▶ _What this task involves_: Exactly the lines from the one containing "God of War Chapter 92 Gambar 9" through the one containing "Casa de condomínio" in the listing below are to be copied, with the pictures left out.

▶ _Material for this exercise_:
_ _ _ _

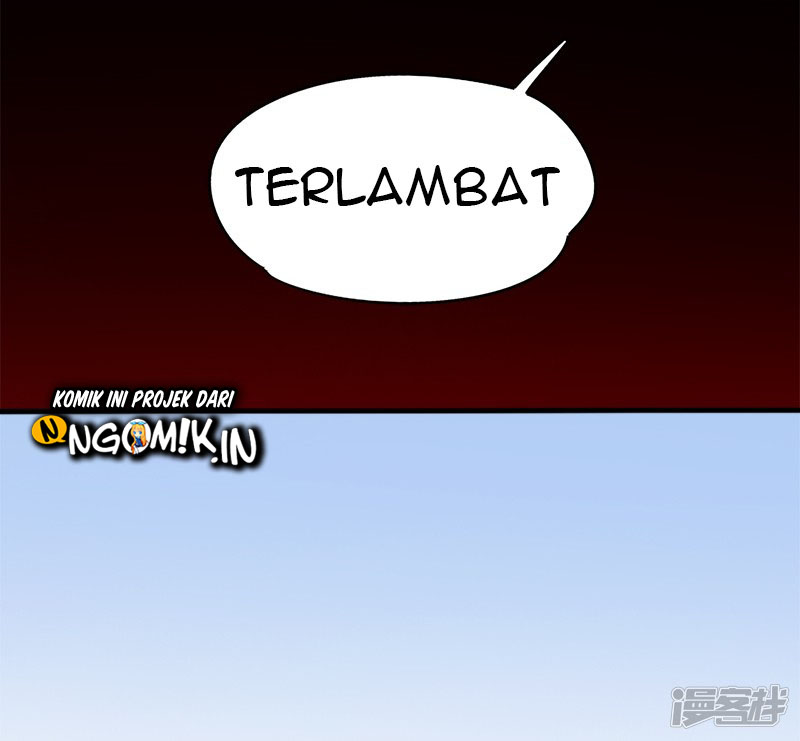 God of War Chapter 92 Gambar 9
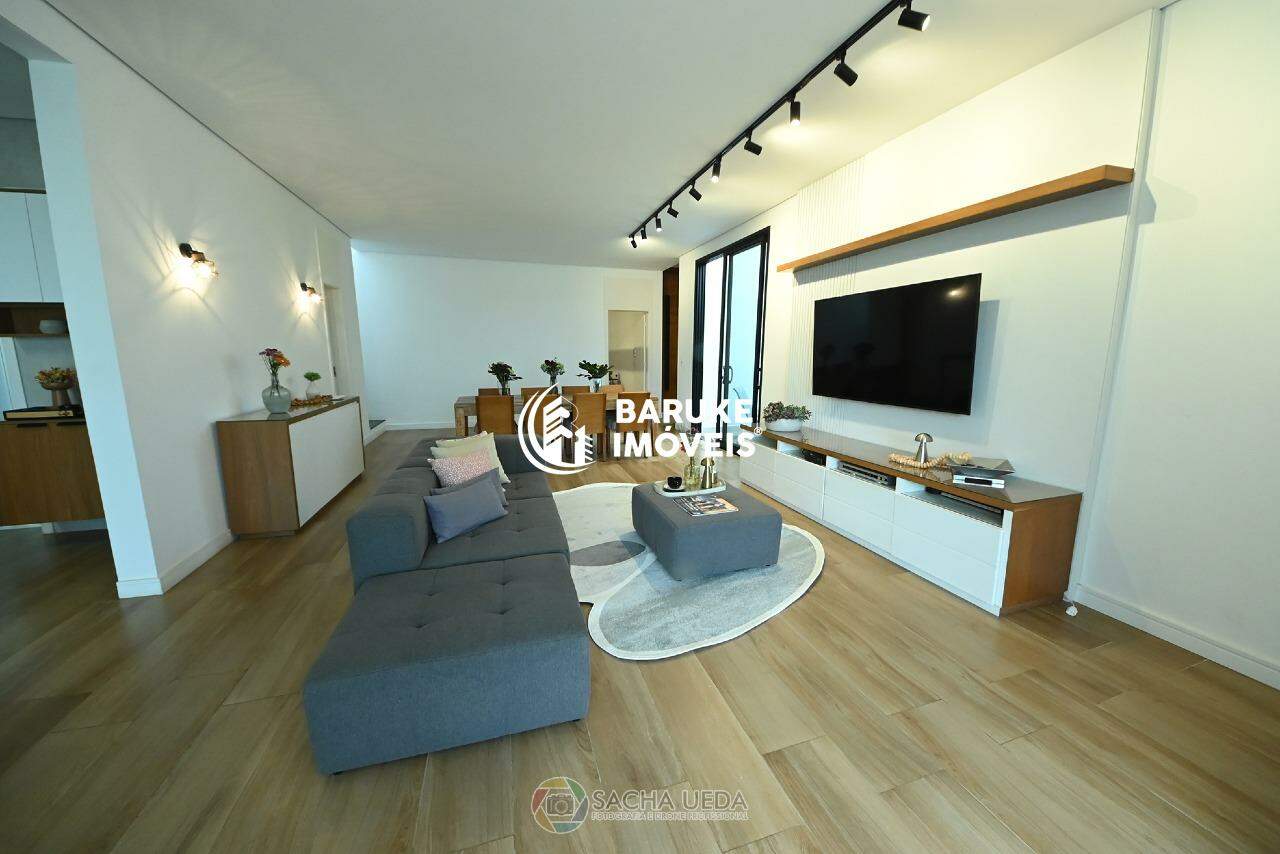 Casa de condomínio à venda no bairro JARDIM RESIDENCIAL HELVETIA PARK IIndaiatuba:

_ _ _ _

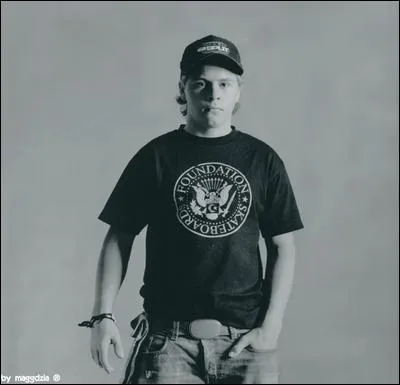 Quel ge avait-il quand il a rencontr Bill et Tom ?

_ _ _ _

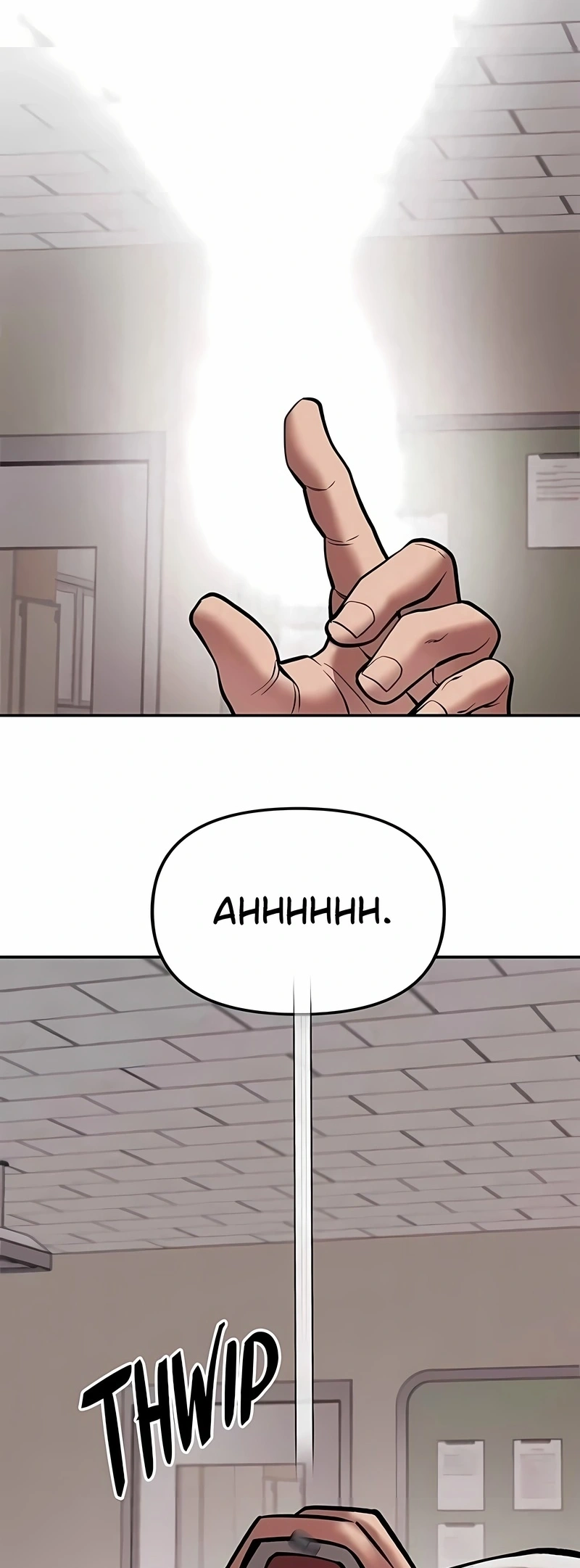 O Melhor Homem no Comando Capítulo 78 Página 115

_ _ _ _

▶ _Task output_:
 God of War Chapter 92 Gambar 9
 Casa de condomínio à venda no bairro JARDIM RESIDENCIAL HELVETIA PARK IIndaiatuba:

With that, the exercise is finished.